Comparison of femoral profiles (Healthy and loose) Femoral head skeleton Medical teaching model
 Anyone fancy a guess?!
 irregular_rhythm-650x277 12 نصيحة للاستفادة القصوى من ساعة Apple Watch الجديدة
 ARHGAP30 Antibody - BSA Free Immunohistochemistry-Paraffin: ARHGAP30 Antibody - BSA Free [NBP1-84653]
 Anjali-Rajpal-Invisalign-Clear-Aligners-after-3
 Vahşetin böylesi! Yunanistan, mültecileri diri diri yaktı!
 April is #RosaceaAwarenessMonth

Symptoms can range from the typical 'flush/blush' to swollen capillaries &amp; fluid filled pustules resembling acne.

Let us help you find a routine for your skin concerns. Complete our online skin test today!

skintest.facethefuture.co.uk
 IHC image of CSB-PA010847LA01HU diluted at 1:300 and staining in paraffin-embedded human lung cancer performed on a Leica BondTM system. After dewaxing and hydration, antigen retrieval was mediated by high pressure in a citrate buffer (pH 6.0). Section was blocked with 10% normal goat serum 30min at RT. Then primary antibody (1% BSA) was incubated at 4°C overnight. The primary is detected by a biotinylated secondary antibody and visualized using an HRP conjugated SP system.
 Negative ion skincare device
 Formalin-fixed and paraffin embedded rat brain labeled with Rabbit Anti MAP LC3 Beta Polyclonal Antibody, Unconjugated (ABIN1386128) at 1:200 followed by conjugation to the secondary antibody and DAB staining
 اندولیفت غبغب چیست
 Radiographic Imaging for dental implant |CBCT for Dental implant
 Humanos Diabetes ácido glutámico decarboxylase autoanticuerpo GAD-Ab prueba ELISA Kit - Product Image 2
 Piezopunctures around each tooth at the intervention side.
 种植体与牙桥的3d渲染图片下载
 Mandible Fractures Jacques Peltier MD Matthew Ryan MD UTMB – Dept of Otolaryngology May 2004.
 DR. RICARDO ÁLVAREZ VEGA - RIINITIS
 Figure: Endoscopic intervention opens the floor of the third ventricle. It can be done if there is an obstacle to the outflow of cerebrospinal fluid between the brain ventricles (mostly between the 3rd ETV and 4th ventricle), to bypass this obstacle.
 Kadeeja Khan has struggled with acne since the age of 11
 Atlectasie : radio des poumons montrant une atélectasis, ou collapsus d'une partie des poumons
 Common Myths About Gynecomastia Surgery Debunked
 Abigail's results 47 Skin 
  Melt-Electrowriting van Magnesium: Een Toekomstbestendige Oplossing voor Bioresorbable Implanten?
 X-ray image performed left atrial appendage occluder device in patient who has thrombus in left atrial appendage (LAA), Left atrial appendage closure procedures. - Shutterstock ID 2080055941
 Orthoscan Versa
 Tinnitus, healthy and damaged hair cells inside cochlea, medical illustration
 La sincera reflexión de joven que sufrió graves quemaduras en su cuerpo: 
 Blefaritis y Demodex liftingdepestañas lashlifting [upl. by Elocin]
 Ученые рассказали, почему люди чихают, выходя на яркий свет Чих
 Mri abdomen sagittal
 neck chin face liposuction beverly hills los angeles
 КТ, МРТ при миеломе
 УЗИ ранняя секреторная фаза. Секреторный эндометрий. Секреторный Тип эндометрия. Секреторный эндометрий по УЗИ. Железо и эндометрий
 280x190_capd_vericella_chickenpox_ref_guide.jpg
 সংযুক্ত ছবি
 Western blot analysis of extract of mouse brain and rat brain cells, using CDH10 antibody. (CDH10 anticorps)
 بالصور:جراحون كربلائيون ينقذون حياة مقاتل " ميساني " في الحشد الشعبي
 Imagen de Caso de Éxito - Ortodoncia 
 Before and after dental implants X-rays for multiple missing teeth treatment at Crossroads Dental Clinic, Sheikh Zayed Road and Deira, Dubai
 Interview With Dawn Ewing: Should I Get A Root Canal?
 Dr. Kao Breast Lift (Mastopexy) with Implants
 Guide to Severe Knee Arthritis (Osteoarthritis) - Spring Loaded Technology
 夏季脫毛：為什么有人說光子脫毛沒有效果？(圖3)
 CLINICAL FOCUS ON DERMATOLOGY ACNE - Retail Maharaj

==*==

Extract exactly the leading lines of the data, stopping at and including the line with "irregular_rhythm-650x277 12 نصيحة".

▸ **Response**
Comparison of femoral profiles (Healthy and loose) Femoral head skeleton Medical teaching model
 Anyone fancy a guess?!
 irregular_rhythm-650x277 12 نصيحة للاستفادة القصوى من ساعة Apple Watch الجديدة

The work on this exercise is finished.